We investigate the axial electromagnetic quasinormal modes of a static, asymptotically Anti--de Sitter (AdS) black hole sourced by a nonlinear electrodynamics model of Plebański type. Starting from the master equation governing axial perturbations, we impose ingoing boundary conditions at the event horizon and normalizable (Dirichlet) behavior at the AdS boundary. Following the approach of Jansen, we recast the radial equation into a linear generalized eigenvalue problem by using an ingoing Eddington--Finkelstein formulation, compactifying the radial domain, and regularizing the asymptotic coefficients. The resulting problem is solved using a Chebyshev--Lobatto pseudospectral discretization. We compute the fundamental quasinormal mode frequencies for both the purely electric ($Q_m=0$) and purely magnetic ($Q_e=0$) sectors, emphasizing the role of the nonlinearity parameter $β$ and the effective charge magnitude $Q$. Our results show that increasing either $β$ or $Q$ raises both the oscillation frequency $ω_R$ and the damping rate $-ω_I$, leading to faster but more rapidly decaying ringdown profiles. Nonlinear electrodynamics breaks the isospectrality between electric and magnetic configurations: magnetic modes are systematically less oscillatory and more weakly damped than their electric counterparts. For sufficiently large $β$ and small $Q_m$, the fundamental mode becomes purely imaginary ($ω_R \approx 0$), in agreement with the absence of a trapping potential barrier in this regime. These findings reveal qualitative signatures of nonlinear electromagnetic effects on black hole perturbations and may have implications for high-field or high-charge astrophysical environments.

Figures (6)

• Figure 1: Radial profile of the lapse function for two representative values of the nonlinearity parameter $\beta$ and several values of $F_0$. The units on both axes are normalized by the mass parameter $M$.
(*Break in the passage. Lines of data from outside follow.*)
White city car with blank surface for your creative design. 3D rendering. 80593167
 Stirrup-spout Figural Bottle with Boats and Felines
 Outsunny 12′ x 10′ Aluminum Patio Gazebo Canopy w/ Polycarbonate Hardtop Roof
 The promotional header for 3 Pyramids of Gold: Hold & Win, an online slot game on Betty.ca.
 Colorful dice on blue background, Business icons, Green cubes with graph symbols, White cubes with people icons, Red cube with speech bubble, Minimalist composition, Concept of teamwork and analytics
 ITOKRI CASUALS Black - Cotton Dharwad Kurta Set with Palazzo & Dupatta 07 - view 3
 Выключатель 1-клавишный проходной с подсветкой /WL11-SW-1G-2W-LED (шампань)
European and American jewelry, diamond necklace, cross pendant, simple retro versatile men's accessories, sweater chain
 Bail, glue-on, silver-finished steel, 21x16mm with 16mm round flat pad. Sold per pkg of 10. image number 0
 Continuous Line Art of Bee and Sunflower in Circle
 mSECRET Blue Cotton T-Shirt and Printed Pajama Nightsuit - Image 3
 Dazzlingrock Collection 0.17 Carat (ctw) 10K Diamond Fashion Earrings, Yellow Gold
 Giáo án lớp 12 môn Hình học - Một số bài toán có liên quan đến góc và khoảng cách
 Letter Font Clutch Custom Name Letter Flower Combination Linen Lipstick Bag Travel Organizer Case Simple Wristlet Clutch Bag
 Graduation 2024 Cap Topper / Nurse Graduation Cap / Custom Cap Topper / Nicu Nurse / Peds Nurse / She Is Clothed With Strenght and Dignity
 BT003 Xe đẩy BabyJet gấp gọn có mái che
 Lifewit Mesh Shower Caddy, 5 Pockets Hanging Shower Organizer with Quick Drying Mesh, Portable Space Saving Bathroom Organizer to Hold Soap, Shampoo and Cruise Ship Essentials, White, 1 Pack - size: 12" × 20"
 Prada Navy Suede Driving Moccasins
• Figure 2: Radial behavior of the lapse function for (a) $\beta = 0.2$, where the extremal horizon formation occurs at $r_+ = 1.771$, and (b) $\beta = 0.01$, where increasing $F_0$ leads to the disappearance of horizons and the emergence of naked singularities. Units are normalized by $M$.
• Figure 3: Contours of the equation $f(r)=0$ in the $(F_0,\beta)$-plane. Panel (a) shows a broad parameter range illustrating the overall structure, while panel (b) highlights the restricted region in which extremal black holes may form.
• Figure 4: Panels (a-d): radial profiles of the electromagnetic potential for (a) fixed electric/magnetic charges with varying nonlinearity; (b) purely electric black holes with varying nonlinearity; (c) varying magnetic charge; and (d) fixed nonlinearity with different multipole index $\ell$. Panels (e-f): comparison between the electromagnetic potential $V_{\mathrm{em}}(r)$ and the scalar potential $V(r)$ for (e) fixed charges with varying nonlinearity and (f) fixed electric charge and nonlinearity with varying magnetic charge. Solid curves correspond to scalar perturbations and dashed curves to electromagnetic perturbations, with $\ell=2$ in all cases. The mass $M$ is used as the unit of length.
• Figure 5: Radial profiles of the effective potential for purely electric and purely magnetic configurations. Each row corresponds to a fixed nonlinearity parameter, with $\beta=0.30$ (a,b), $0.60$ (c,d), and $0.90$ (e,f). The left column shows purely electric cases ($Q_m=0$), while the right column presents purely magnetic ones ($Q_e=0$). Within each panel, the curves denote $Q\in\{0.3,0.6,0.9\}$ for $M=1$. The vertical marker indicates the horizon radius $r_+$, and the horizontal line marks $V_{\mathrm{em}}=0$. The spherical-harmonic index is fixed to $\ell=2$, and all length scales are normalized by the black hole mass $M$. In the electric sector (a,c,e), the potential develops a horizon-centered barrier followed by the characteristic NLED-induced growth at large $r$. In the magnetic sector (b,d,f), the NLED angular contribution suppresses the near-horizon barrier and may produce a shallow well; for $\beta=0.90$ and $Q_m=0.30$, the potential becomes monotonic, with neither barrier nor well.